Compelled to Slay

Cannibal Corpse
Evisceration Plague
Metal Blade
2009-02-03

Drummer Paul Mazurkiewicz will be the first to tell you that the past few years have been pretty good to Cannibal Corpse. After churning out albums at a reliable, albeit predictable pace during the first half of this decade, 2006’s Kill saw the Buffalo, New York death metal greats sounding reborn thanks to some strong songwriting, brilliant production by Hate Eternal guitarist Erik Rutan, and inspired performances by all five members. The subsequent year-and-a-half-long touring cycle exposed the band to a new generation of young metal fans. In addition, the animated series Metalocalypse helped popularize death metal even more: the show’s creators were unapologetic in their Cannibal Corpse adoration, from the brutal, over-the-top violence of fictional band Dethklok to the uncanny resemblance of character Nathan Explosion to vocalist George “Corpsegrinder” Fisher. And in 2008, the band celebrated its 20th anniversary by releasing the lavish Centuries of Torment DVD, its combination of archived live footage and absolutely enthralling three-hour documentary rendering it an instant classic among the metal crowd. Buzz even reached the New York Times, which sung the DVD’s praises with as much adoration as the metal magazines.

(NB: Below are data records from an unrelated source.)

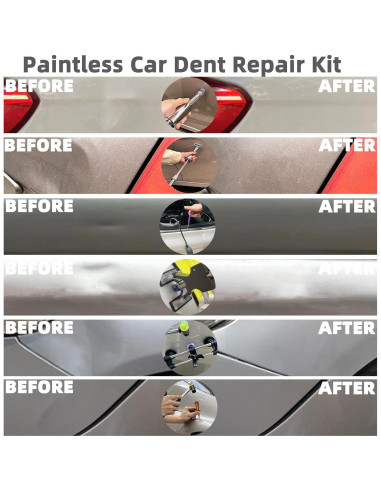 Kit de Reparación de Abolladuras Sin Pintura Chymogul DTZ168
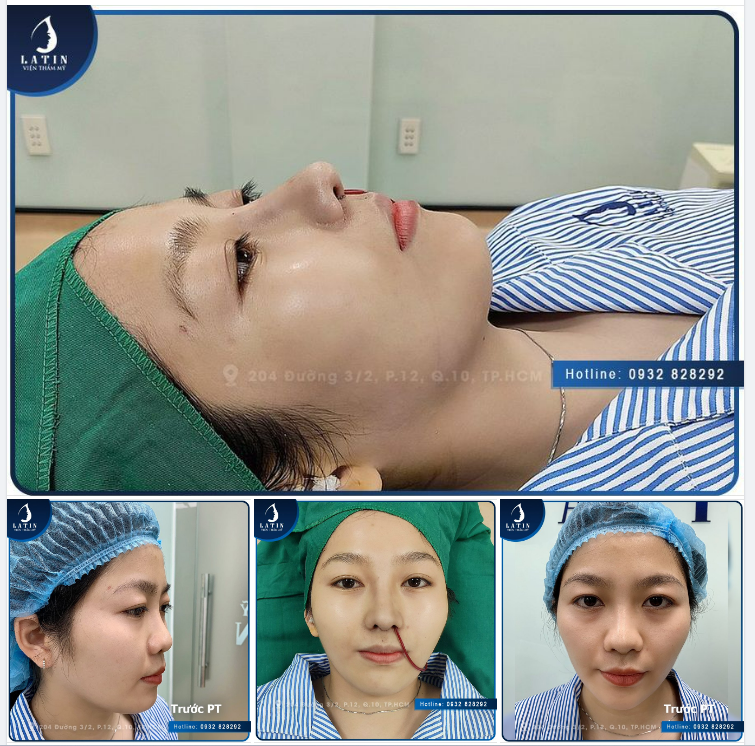Khắc phục dáng mũi thấp cho em gái. Mũi cấu trúc sửa lại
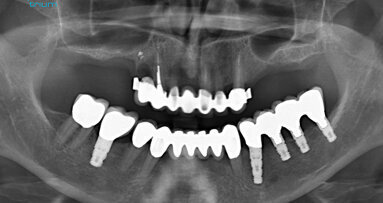 CBCT bone-densitometry for pre-surgical decision-making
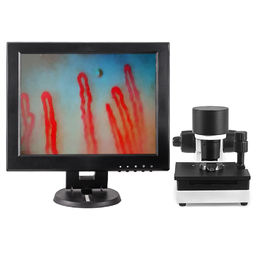血の毛管Microcirculationの顕微鏡600Xの拡大DC12V 2Aの出力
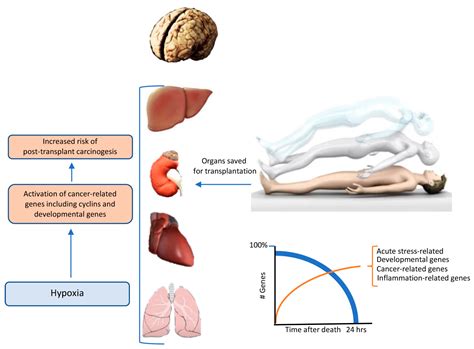 IJMS | Free Full-Text | Induced Coma, Death, and Organ Transplantation
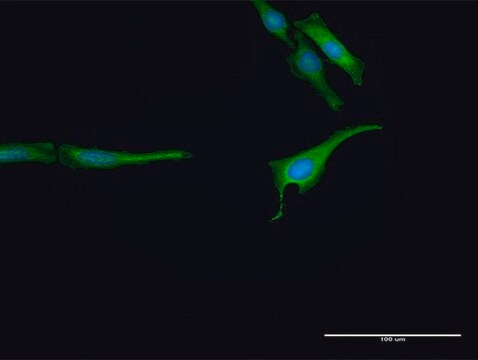 Anti-RNF14 antibody produced in rabbit purified immunoglobulin, buffered aqueous solution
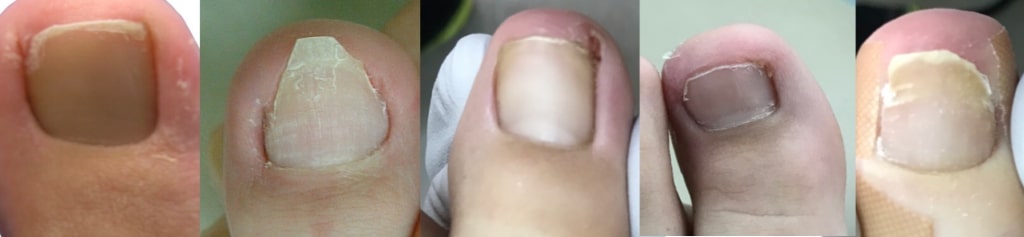 深爪治療金沢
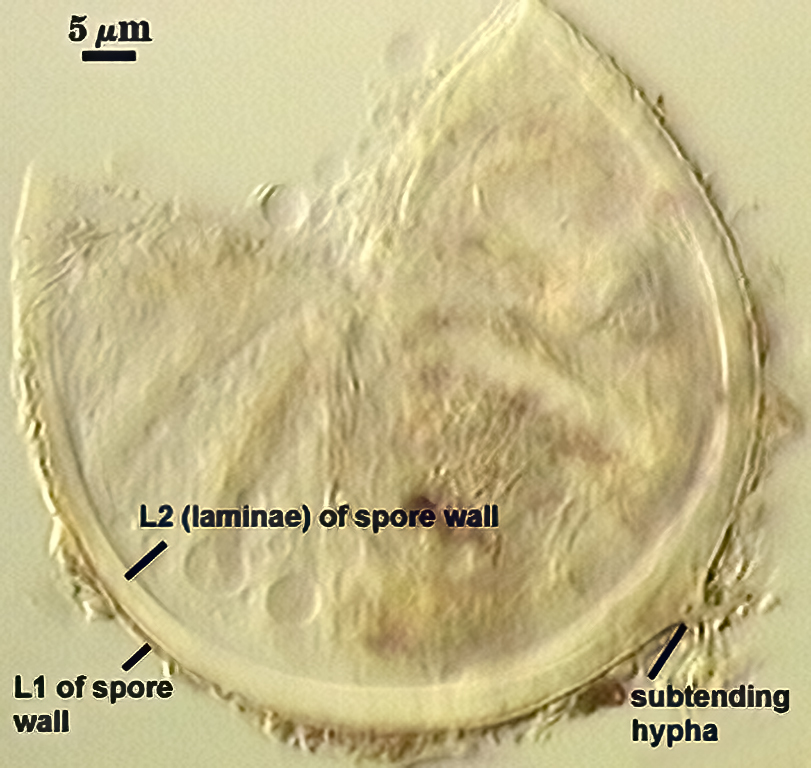 Smashed spore subtending hyphae stem like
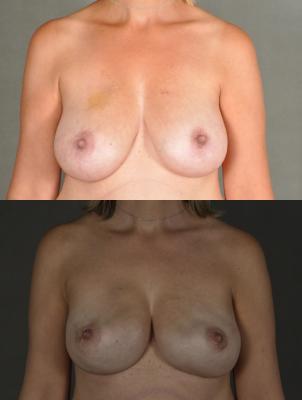 breast-reconstruction-and-tissue-expanders-p10.jpg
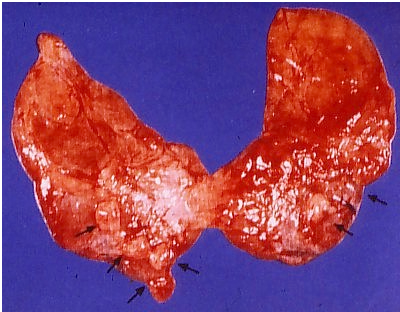 Parathyroid histology: chief cells (PTH) and larger eosinophilic oxyphil cells.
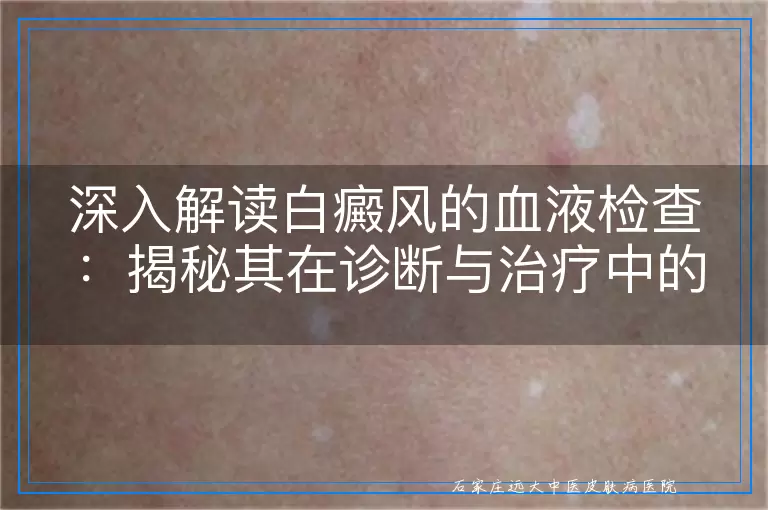 深入解读白癜风的血液检查：揭秘其在诊断与治疗中的作用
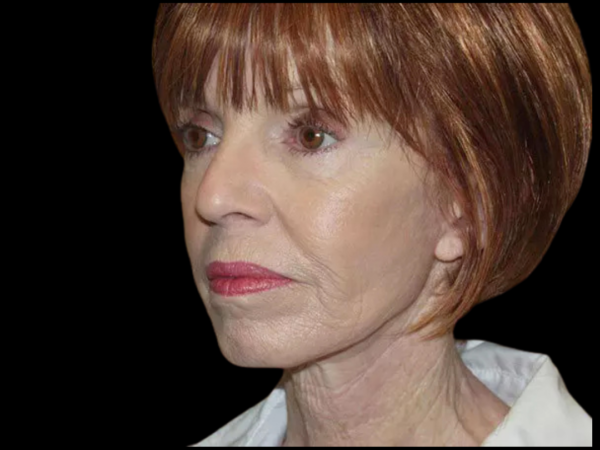 Facelift Patient 11 After 2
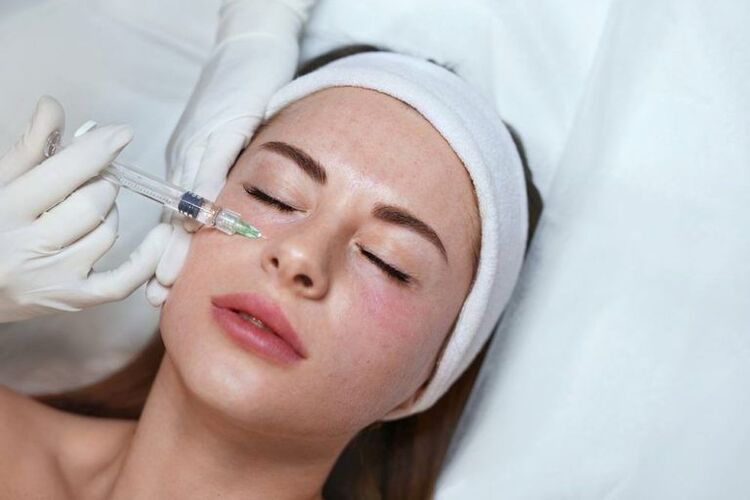 mesoterapia para o rexuvenecemento facial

Of course, brushes with fame aren’t foreign to Cannibal Corpse, the band that made a splash with a cameo in Ace Ventura: Pet Detective and even had Cher make lunch for them at her home (the photo of the band standing in Cher’s closet is one of the DVD’s many priceless moments). But with the February release of their new album, Evisceration Plague, on the horizon, Mazurkiewicz and his bandmates are fully aware that after years of slogging away, they just might be on the cusp of something even bigger this time around. “It’s definitely a little crazy, a little surreal when you think of being mentioned in the New York Times and stuff, but we’ve had our little share of things over the years here and there that were a little more mainstream than normal, so it’s not completely uncharted territory for us in a sense. But it’s definitely going to be a lot weirder coming up, as a matter of fact.”

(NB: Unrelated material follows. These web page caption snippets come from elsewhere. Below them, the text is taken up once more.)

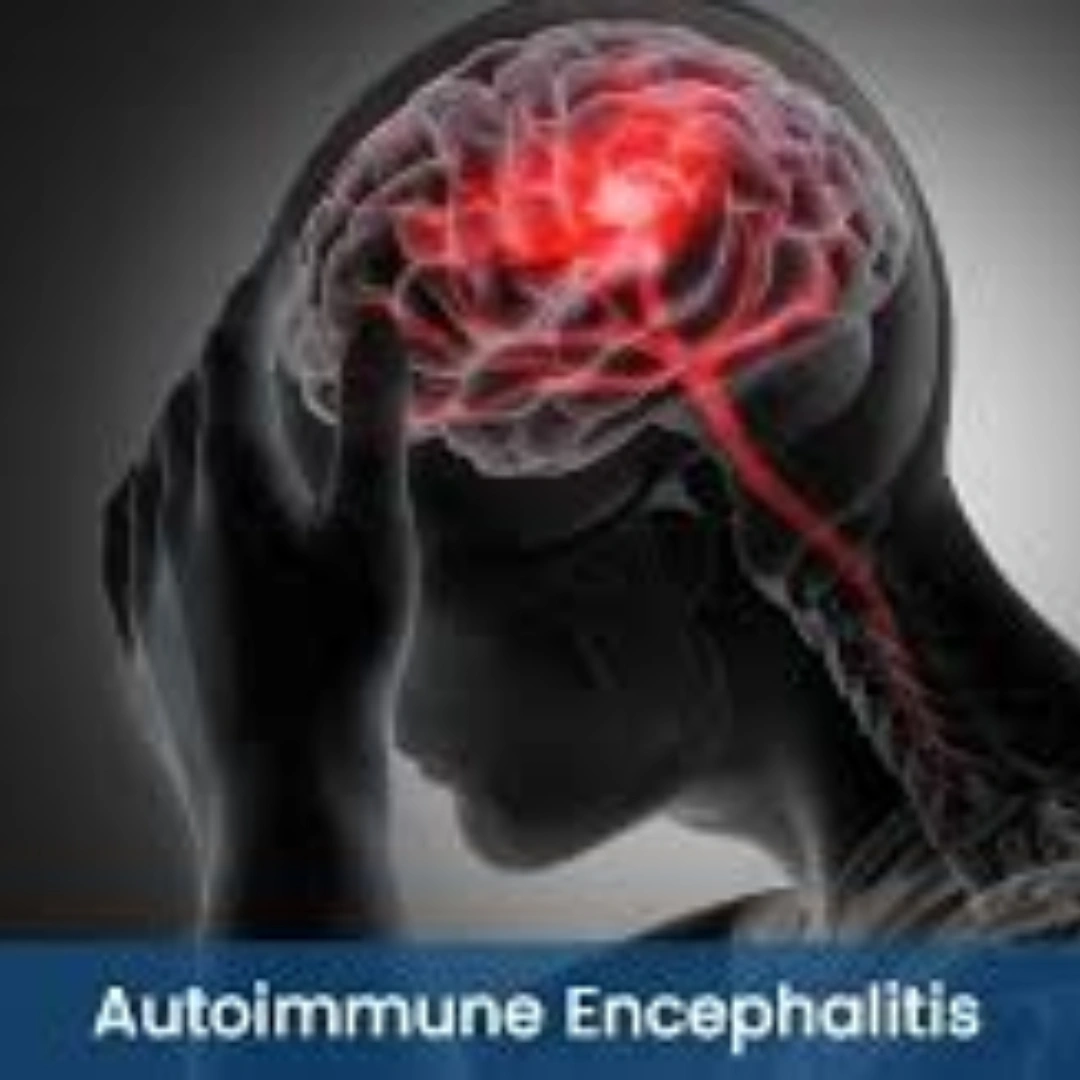 AUTOIMMUNE ENCEPHALITIS PANEL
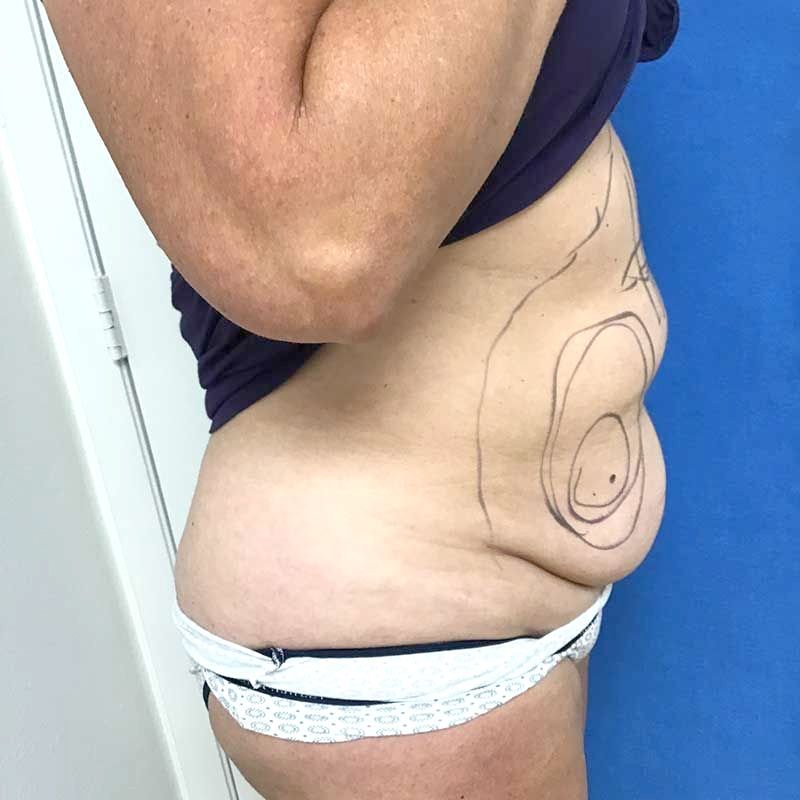 A woman with a drawing of a circle on her stomach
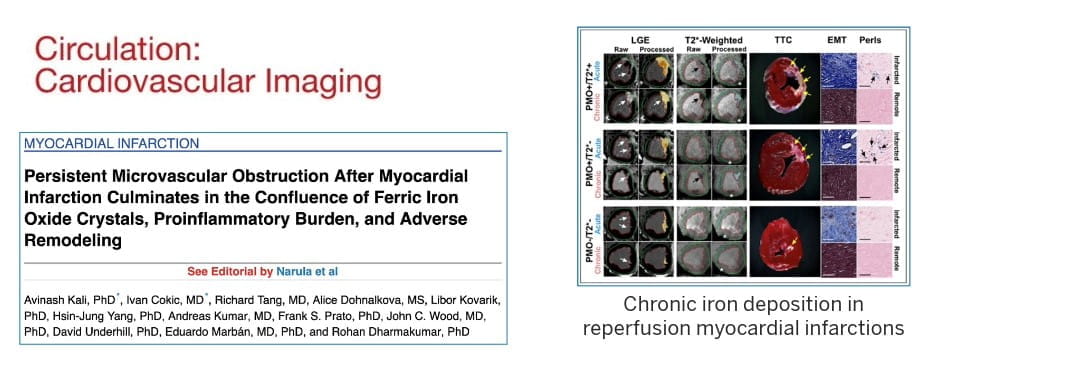 graphic from this publication shows chronic iron deposition in reperfusion myocardial infarctions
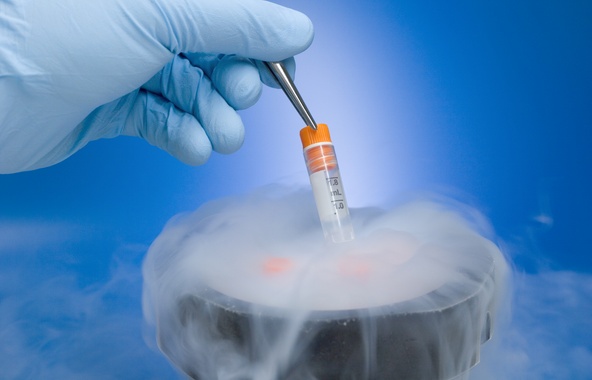 Sperm Freezing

The band might be incredibly busy these days, shooting videos, doing loads of press interviews, and mere days away from a European tour that will be followed by a major tour of Canada in April — with an exhaustive swing through the United States immediately after — but Mazurkiewicz sounds indefatigable on the phone, never at a loss for words, speaking in lively, rapid-fire run-on sentences. “It’s been a little hiatus since Kill, there’s a huge buzz with Evisceration, we’re with management now, we’ve got them working hard on so many different aspects with promotion, we’re going to be doing a lot more high profile tours, so this is going to be really the time that we’re going to be noticing that and seeing more,” he says. “And I’m sure it’ll be even stranger than it’s ever been for us. At the same time, awesome, cool, we’re just trying to take the band to another level if we can, and of course by doing it on our own terms, just playing brutal death metal.”

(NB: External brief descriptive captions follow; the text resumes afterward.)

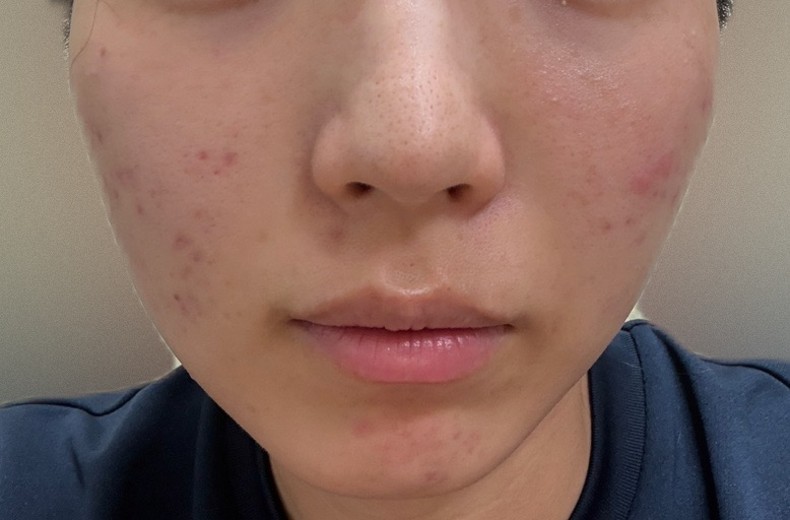 after photo: IPL(光/フォト治療), ピーリング, エレクトロポレーション, ルメッカ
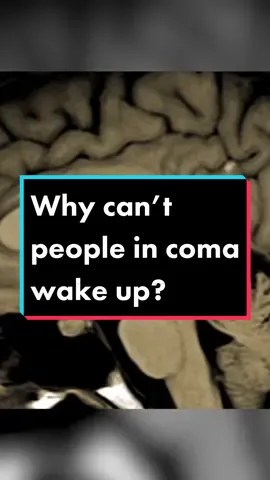 Why can’t people in coma wake up? #EduTok #eli5 #explainervideo 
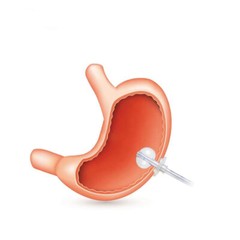 New High Quality Disposable Silicone Gastrostomy Feed PEG Tube Gastrostomy Tube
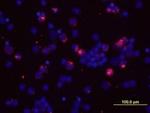 IL-2 Antibody in Immunocytochemistry (ICC/IF)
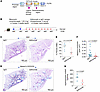 CTLA4 blockade in a mouse model of persistent lung fibrosis ameliorates fib
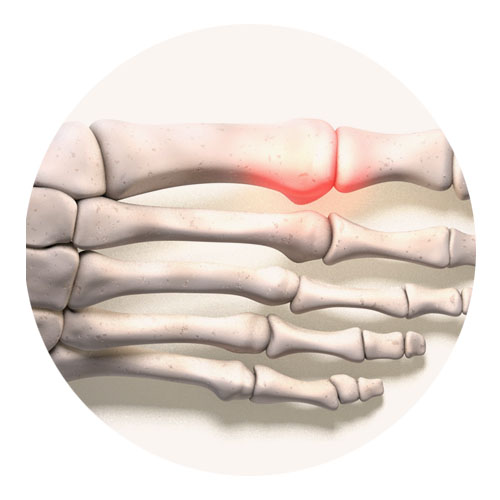 Gout Case Study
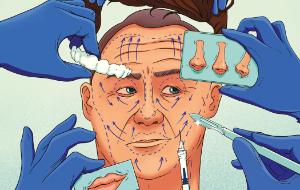 Lifting twarzy. Cena wyjściowa: od 28 tys. zł w górę w zależności od metody chirurga i kliniki może sięgnąć 100 tys. zł.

Of course, when describing death metal, the word “brutal” gets tossed around more than a 98-pound emo kid in a moshpit. When it comes to Cannibal Corpse, that overused adjective is not only unavoidable, but completely appropriate. Technicality and dynamic songwriting have always been hallmarks of the band, but first and foremost is the primitive brutality of their sound, which was captured so well by Rutan on Kill, and now even more so on Evisceration Plague, Mazurkiewicz anchoring the sound with the staggeringly complicated plucked basslines of Alex Webster, lead guitarist Pat O’Brien shredding away with precision while Rob Barrett holds the fort with his strong rhythm riffs, and the inimitable Corpsegringer spitting out the rapid-fire lyrics in a roar that can morph into a hair-raising screech without warning. With such potent tracks as the thrashy “Beheading and Burning”, the demented riffing of “A Cauldron of Hate”, the pummeling “Priests of Sodom”, the ominous, lumbering groove of the title track, and the Slayer-esque “Skewered from Ear to Eye”, along with a monstrous guitar tone that dwarfs the otherwise massive Kill, this is without doubt the best Cannibal Corpse album since 1996’s Vile, and it’s easy to understand why Mazurkiewicz is practically beaming at the other end of the line. This album destroys, plain and simple.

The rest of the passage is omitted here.